Lors de la campagne présidentielle, le Président de la République avait pris l’engagement fort de réduire à six mois en moyenne le délai d’instruction de la demande d’asile. Il voulait, soulignait-il, permettre à ceux qui obtiendront une protection de commencer rapidement leur parcours d’intégration dans la société française et, en même temps, faire en sorte que les personnes déboutées puissent être éloignées du territoire sans avoir perdu leurs liens avec leur pays d’origine.
Tels sont les objectifs du Gouvernement en présentant ce texte.
Le présent projet de loi pour une immigration maîtrisée, un droit d’asile effectif et une intégration réussie a fait l’objet d’une large adoption par les députés le 22 avril dernier. À l’issue de débats qui se sont tenus pendant près d’une semaine, les députés sont parvenus à l’adoption d’un texte que nous considérons comme équilibré.
Le projet de loi a ensuite été largement amendé lors de son examen le 6 juin par la commission des lois sénatoriale, dont je veux saluer le rapporteur, François-Noël Buffet.
Certains enrichissements vont dans le bon sens, et le Gouvernement proposera qu’ils soient conservés.
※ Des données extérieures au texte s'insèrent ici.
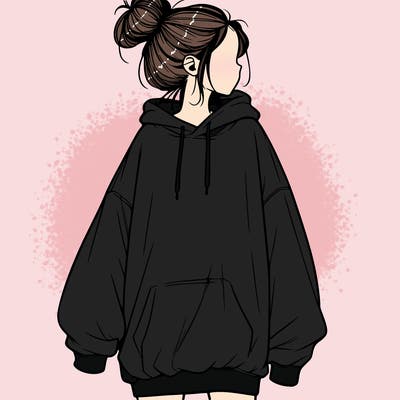 realistic girl with a oversized sweatshirt on and a bun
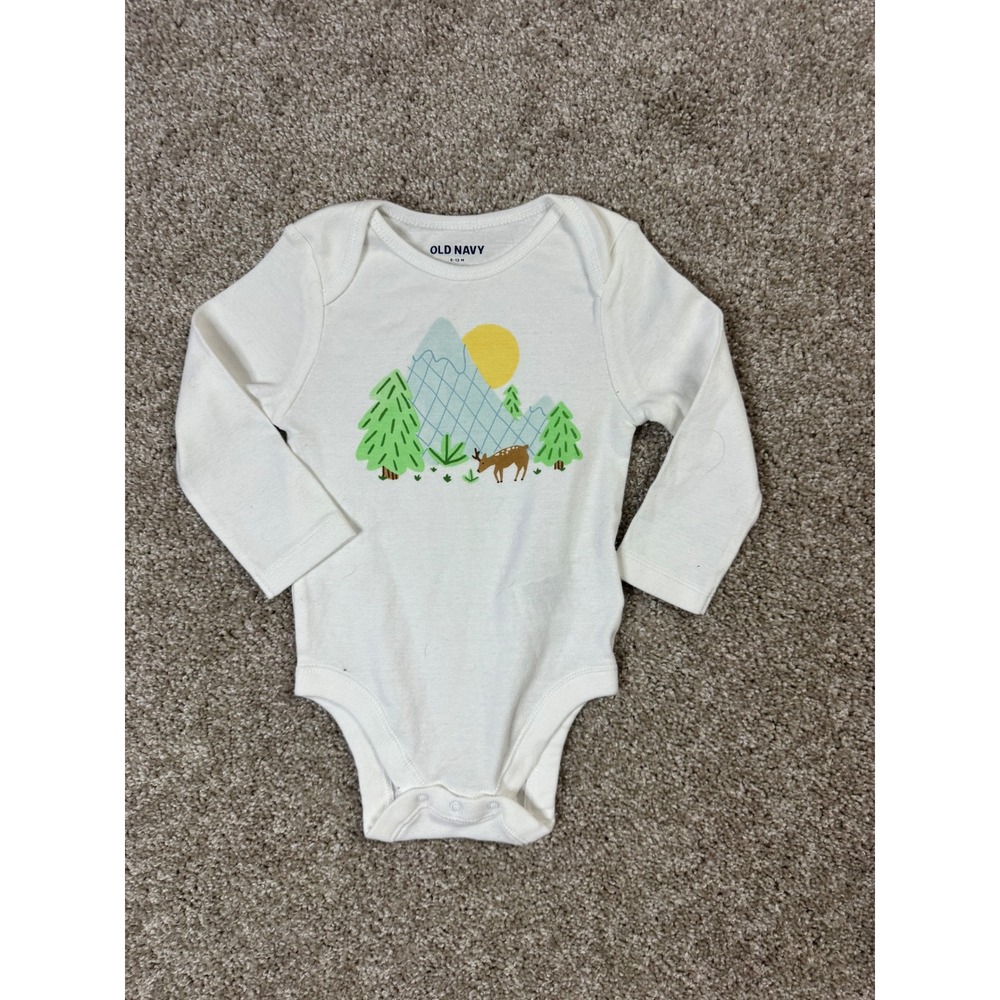 Old Navy Baby Long Sleeve Bodysuit Cream Mountain Deer Graphic 6-12M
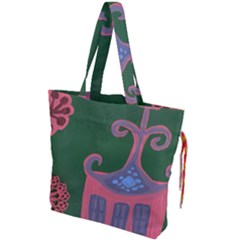 The Biggest Pink House Drawstring Tote Bag by snowwhitegirl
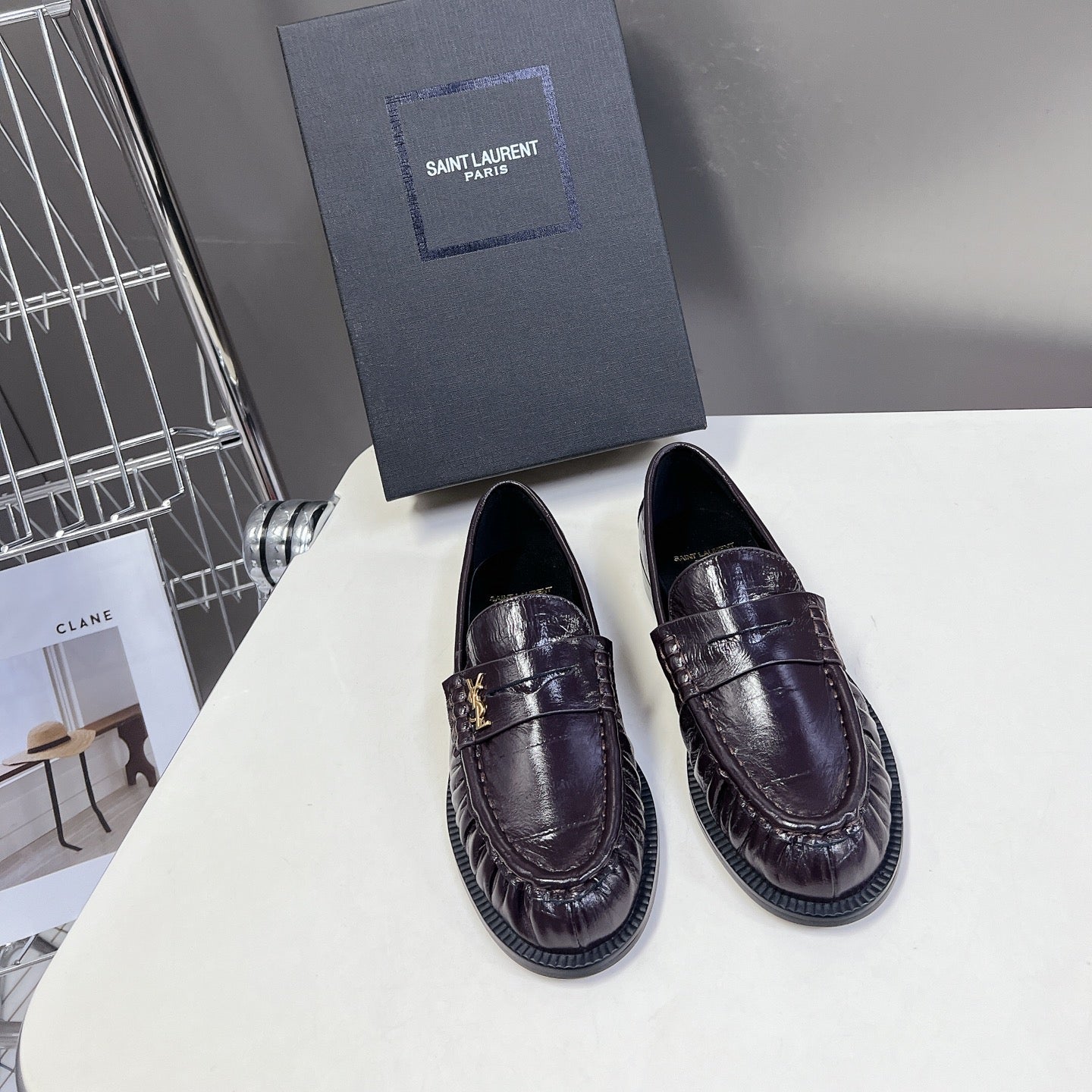 YSL 25S SAINT LAURENT LOAFERS IN DUSTY PLUM CALFSKIN - 35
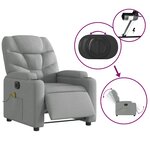 vidaXL Fauteuil de massage inclinable électrique gris clair tissu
Il est en revanche des mesures qui, de nature à remettre en cause l’équilibre du texte entre humanité et efficacité, recevront de notre part un avis défavorable. Sur les points les plus symboliques, le Gouvernement a déposé des amendements qui tendent soit à revenir à l’esprit du texte initial, soit à supprimer certaines dispositions avec lesquelles il ne peut être en accord. Nous ne désespérons pas, à l’occasion de l’examen de ce texte en séance publique cette semaine, de vous convaincre, mesdames, messieurs les sénateurs.
La commission des lois a, par exemple, souhaité supprimer les dispositions portant d’un à quatre ans la durée de validité des titres de séjour délivrés aux bénéficiaires de la protection subsidiaire et aux apatrides et revenir sur la possibilité pour les frères et les sœurs d’un réfugié mineur – je parle bien d’un réfugié reconnu comme tel au titre de l’asile – de le rejoindre.
Un procès nous a été fait à ce sujet à l’Assemblée nationale, aussi je voudrais préciser que cette mesure ne concernera que les mineurs réfugiés, c’est-à-dire quelques centaines de mineurs par an, et rappeler qu’il ne faut pas confondre ce public avec les mineurs non accompagnés, pris en charge par les conseils départementaux au titre de l’aide sociale à l’enfance. La portée de cette disposition ne doit donc pas être surestimée.
Le Gouvernement ne peut évidemment accepter sa suppression, car c’est la grandeur de la France que de proposer de telles mesures, qui ciblent les personnes les plus vulnérables et sont conformes à la grande tradition d’accueil de notre pays.